Are my streaming habits toxic?

My to-watch list is longer than Commonwealth Avenue itself, and it is only growing longer.

I am a lover of shows — mostly sitcoms, dramedies and a healthy dose of reality television — and I have no problem expressing that. However, I sometimes feel like an imposter because I recently resorted to rewatching my comfort shows. All of this is in spite of my longing for new and interesting content.

It feels as if there is a mental roadblock preventing me from actually moving on and starting all of these shows with so much acclaim. My brain equates starting a new show with getting up to work out. Maybe it has something to do with the emotional energy I know I will end up exerting — I quickly grow attached to these silly little shows, no pandemic required.

new girl playing on an iphone
“New Girl.” Watching the same movies and shows multiple times can bring you a sense of comfort and familiarity, but may also prevent you from exploring new media. ILLUSTRATION BY HANNAH YOSHINAGA/ DAILY FREE PRESS STAFF

Somewhere in the middle of my eighth episode of “New Girl,” I reflected on the idea that I may be diving back into these shows because they are familiar and easy. There is no need to remember new characters and their respective storylines, especially under the stress of school, work and whatever else the world throws on top of that.

The wide range of cable channels, streaming platforms and other ways to watch content have started to overwhelm my inner telephile. The endless, scrolling lists of Netflix, Hulu, Amazon Prime and HBO Max are a lot for anyone — especially for people dealing with their own struggles or issues.

I will say there are exceptions to this standard. Recently, I got into a lot of great shows on Hulu, including “Broad City,” “Ramy,” “Normal People” and “Woke.” While I haven’t finished all of these, I explored a lot of great shows and none of them disappointed me.

Movies put me in a similar situation — love the idea of them, but in practice they’re difficult to start. It is purely a matter of time and mood. Queuing up a coming-of-age movie at midnight after a crazy day doesn’t always feel like the proper experience, and I am in no space to follow a plot.

Movies are something sacred to me, an experience that should be treated in the perfect circumstances. It only adds to the completely unnecessary pressure I put on movies and television to “properly” enjoy them.

There is an element of this that can be attributed to my ever-shrinking attention span, but that cannot be the scope of the whole peculiarity. I recently enjoyed movies such as “The Map of Tiny Perfect Things” and had no problem fixating my attention. I’m still mystified as to why I cannot simply sit and enjoy a movie whenever I decide to.

It almost feels self-destructive to prevent myself from enjoying new content like this. Gatekeeping these shows from my entertainment is pointless in theory, but for some reason I continue to limit my streaming.

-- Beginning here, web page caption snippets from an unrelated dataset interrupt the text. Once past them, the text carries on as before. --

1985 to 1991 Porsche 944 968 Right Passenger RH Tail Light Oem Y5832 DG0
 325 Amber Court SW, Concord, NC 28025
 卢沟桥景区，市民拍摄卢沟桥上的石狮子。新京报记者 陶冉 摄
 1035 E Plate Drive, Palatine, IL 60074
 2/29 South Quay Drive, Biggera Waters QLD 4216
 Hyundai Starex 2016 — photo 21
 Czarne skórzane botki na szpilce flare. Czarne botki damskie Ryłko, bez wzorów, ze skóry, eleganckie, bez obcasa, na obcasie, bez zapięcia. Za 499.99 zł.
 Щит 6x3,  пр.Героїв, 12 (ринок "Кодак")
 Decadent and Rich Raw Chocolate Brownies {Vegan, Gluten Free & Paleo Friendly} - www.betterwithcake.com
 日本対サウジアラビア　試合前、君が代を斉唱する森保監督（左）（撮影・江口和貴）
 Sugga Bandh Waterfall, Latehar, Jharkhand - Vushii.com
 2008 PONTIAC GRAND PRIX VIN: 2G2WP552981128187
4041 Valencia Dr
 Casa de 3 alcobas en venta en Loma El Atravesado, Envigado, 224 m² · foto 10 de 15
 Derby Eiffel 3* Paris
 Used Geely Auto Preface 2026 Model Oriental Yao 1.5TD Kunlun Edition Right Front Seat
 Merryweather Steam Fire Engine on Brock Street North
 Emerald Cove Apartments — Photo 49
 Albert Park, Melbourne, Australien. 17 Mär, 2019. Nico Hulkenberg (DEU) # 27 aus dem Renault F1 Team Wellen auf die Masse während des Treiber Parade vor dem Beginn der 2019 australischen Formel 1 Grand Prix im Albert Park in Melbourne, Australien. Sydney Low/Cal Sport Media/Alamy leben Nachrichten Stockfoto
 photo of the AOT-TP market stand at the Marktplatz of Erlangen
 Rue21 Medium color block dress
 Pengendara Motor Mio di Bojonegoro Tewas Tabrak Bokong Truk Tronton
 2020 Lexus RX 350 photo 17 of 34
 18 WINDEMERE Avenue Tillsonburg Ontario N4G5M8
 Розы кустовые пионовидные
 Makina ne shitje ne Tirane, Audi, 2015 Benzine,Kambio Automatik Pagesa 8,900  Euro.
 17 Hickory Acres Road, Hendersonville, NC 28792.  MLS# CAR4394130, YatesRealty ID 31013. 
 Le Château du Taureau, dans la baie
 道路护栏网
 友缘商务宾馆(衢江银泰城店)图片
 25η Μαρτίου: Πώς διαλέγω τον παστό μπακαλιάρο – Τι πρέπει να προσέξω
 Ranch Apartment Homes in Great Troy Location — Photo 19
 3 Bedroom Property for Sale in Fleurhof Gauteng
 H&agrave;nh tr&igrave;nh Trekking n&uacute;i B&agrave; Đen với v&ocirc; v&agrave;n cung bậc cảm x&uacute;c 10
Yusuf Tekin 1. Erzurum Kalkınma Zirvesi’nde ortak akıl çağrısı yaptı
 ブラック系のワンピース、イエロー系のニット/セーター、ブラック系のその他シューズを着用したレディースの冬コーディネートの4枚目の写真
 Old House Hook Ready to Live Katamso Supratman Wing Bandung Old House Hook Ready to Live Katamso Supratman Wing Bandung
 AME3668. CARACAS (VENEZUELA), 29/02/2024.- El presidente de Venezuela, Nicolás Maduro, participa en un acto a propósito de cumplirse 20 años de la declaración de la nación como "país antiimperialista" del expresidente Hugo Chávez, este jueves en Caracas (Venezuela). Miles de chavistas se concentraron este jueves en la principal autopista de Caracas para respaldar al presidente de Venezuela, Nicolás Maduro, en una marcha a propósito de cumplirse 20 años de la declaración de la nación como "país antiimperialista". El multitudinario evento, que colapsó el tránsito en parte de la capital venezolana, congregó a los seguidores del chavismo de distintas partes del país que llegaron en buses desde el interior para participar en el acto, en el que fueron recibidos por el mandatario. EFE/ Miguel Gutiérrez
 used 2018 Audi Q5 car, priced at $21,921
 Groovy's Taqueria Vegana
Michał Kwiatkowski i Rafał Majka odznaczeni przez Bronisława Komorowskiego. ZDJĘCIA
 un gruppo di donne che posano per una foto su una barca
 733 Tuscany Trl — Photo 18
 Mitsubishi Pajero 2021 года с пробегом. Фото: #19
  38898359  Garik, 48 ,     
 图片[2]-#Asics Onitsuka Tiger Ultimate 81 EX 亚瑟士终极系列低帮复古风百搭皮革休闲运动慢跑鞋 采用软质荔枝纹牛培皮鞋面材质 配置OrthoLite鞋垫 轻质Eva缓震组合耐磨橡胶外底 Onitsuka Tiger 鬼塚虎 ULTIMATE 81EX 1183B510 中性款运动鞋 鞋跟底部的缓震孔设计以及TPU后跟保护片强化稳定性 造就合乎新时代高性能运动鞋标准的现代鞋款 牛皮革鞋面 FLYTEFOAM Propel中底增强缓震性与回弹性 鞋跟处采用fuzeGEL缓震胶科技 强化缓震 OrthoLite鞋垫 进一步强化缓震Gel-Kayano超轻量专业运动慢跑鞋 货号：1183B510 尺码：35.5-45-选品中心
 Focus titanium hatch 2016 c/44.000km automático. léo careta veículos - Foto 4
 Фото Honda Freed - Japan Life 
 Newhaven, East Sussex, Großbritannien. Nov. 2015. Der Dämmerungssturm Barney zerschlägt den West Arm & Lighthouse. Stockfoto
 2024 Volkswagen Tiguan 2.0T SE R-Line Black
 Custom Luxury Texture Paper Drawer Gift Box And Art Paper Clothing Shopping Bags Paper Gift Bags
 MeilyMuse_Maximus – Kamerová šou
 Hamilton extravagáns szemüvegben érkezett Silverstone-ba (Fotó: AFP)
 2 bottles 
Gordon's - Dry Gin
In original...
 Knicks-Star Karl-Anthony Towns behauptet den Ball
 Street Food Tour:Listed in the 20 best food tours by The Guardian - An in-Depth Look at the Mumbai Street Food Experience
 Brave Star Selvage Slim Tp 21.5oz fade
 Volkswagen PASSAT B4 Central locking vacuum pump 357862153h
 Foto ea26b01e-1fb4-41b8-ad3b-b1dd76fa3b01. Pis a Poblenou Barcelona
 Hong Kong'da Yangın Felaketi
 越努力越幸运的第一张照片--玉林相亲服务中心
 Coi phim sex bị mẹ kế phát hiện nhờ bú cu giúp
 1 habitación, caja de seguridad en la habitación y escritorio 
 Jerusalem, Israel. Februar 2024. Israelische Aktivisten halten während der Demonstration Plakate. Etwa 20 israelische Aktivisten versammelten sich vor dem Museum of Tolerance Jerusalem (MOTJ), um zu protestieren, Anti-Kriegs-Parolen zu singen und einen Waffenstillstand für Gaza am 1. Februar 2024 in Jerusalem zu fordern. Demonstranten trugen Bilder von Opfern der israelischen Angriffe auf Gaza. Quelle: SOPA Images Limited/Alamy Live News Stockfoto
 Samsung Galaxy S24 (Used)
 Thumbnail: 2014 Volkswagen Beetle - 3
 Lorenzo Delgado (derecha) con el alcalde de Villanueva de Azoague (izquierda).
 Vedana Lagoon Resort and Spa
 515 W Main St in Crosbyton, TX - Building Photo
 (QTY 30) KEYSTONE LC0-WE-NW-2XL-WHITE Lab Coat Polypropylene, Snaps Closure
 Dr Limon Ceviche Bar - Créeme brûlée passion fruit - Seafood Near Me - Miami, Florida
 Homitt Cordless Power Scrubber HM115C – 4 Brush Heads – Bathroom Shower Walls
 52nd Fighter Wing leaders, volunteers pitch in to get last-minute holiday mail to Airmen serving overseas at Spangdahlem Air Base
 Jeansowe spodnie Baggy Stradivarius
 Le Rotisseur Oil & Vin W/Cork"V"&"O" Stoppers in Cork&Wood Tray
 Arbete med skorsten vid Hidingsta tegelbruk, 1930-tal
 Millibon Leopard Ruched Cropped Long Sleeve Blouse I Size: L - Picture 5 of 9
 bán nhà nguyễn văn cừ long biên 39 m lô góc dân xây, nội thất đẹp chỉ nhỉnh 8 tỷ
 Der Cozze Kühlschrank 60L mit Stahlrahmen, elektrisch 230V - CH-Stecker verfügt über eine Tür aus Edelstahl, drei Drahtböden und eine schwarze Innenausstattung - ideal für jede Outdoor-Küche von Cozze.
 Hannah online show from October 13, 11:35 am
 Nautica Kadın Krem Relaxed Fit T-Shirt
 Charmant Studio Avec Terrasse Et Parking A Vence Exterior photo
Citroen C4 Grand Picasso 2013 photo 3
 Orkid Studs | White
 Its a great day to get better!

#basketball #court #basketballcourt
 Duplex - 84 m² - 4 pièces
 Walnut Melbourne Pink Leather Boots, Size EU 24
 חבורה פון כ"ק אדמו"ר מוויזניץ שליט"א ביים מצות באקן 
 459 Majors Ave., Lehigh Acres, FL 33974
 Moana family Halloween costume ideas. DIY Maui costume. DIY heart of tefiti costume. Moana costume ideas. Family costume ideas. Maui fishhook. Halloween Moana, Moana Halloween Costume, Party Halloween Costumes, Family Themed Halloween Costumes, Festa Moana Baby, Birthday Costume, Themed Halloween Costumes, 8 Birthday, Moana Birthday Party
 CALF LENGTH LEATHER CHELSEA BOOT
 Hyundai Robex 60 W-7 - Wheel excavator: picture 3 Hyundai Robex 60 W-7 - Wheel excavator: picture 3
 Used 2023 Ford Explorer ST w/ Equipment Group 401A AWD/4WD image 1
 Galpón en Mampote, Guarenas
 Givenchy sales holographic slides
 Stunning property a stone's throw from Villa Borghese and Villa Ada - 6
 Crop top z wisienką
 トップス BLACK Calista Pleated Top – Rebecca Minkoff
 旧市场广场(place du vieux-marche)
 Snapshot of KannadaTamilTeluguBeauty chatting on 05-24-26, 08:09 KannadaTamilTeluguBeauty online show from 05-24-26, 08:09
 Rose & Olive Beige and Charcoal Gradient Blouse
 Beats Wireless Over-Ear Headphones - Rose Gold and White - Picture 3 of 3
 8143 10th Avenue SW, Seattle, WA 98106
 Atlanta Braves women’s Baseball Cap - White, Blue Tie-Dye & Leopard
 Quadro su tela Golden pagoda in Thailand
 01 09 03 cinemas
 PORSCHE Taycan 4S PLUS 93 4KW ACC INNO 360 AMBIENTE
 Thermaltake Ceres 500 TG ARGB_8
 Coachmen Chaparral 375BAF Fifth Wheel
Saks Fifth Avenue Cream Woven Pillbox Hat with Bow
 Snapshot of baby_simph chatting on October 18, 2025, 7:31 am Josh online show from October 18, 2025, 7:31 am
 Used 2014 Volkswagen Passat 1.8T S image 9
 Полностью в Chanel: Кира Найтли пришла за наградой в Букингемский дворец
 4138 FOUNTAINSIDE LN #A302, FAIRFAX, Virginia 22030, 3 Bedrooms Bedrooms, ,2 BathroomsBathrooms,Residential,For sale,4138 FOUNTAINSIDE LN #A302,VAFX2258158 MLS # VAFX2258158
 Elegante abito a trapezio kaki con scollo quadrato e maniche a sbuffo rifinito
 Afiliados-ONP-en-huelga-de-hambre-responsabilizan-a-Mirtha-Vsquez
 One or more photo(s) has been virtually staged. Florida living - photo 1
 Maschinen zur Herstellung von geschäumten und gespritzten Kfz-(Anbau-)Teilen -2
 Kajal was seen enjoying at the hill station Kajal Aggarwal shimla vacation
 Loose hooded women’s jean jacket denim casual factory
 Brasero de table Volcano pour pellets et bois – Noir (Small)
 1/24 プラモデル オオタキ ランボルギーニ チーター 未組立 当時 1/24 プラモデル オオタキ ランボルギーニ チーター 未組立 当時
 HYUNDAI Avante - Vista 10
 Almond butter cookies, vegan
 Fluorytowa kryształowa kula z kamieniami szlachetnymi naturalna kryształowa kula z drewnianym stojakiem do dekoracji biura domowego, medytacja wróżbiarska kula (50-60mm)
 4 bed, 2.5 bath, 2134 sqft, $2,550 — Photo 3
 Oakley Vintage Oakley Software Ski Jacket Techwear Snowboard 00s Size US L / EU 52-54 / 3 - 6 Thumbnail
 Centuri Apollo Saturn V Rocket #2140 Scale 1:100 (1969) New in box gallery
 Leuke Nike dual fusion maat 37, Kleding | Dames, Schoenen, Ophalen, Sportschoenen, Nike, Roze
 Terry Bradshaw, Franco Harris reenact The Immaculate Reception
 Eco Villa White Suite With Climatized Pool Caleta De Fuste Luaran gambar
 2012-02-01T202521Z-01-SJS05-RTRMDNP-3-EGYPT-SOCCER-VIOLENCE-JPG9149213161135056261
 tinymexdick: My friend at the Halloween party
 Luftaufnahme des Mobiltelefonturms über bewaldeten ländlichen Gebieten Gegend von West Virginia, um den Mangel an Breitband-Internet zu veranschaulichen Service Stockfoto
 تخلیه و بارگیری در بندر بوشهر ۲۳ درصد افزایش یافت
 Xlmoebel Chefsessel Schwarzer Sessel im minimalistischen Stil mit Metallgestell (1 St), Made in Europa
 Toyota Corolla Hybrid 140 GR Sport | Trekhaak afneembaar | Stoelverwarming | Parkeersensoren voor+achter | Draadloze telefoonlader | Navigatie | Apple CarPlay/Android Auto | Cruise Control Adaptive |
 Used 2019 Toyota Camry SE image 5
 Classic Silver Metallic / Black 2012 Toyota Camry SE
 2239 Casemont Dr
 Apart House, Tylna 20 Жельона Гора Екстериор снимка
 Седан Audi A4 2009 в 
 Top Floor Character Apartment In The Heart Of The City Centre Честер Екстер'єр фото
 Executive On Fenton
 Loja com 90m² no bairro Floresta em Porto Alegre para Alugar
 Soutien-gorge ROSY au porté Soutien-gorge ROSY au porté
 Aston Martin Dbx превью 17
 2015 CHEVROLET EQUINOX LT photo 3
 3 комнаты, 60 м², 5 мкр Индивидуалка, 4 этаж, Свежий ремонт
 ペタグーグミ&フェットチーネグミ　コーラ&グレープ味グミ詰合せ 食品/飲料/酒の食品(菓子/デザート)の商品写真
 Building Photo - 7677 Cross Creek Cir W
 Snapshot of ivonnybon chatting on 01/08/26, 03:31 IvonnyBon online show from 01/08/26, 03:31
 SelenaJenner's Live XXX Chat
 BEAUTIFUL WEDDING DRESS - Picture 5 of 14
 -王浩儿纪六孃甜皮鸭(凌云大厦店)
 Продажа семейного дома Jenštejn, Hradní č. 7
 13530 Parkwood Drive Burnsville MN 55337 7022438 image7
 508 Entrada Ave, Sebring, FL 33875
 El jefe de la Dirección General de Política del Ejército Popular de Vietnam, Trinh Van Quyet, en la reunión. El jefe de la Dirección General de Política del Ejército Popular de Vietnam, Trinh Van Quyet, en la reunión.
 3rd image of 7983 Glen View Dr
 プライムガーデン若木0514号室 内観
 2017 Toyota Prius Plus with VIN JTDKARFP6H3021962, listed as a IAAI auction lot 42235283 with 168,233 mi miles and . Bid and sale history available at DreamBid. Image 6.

This feels like such a highly specific issue, but at the same time it’s a universal phenomenon of being so attracted to nostalgia and the familiar. If anything, this issue should not exist. I am self-aware of this and capable of changing. However, it sounds much easier than I imagine it will be.

Something that recently occurred to me is that we often watch movies and shows we can relate to on some level. I watch a lot of quirky sitcoms because I feel like a bit of an oddity sometimes, or I watch romantic comedies because this pandemic has not made for a lot of romantic encounters in my life. At this point, this is as close as I will get to an answer for my problem.

Hopefully, I will soon be able to write about all the amazing new movies and shows I got to experience. There is a lot of content out there that should be explored, but we all might have to look a little further.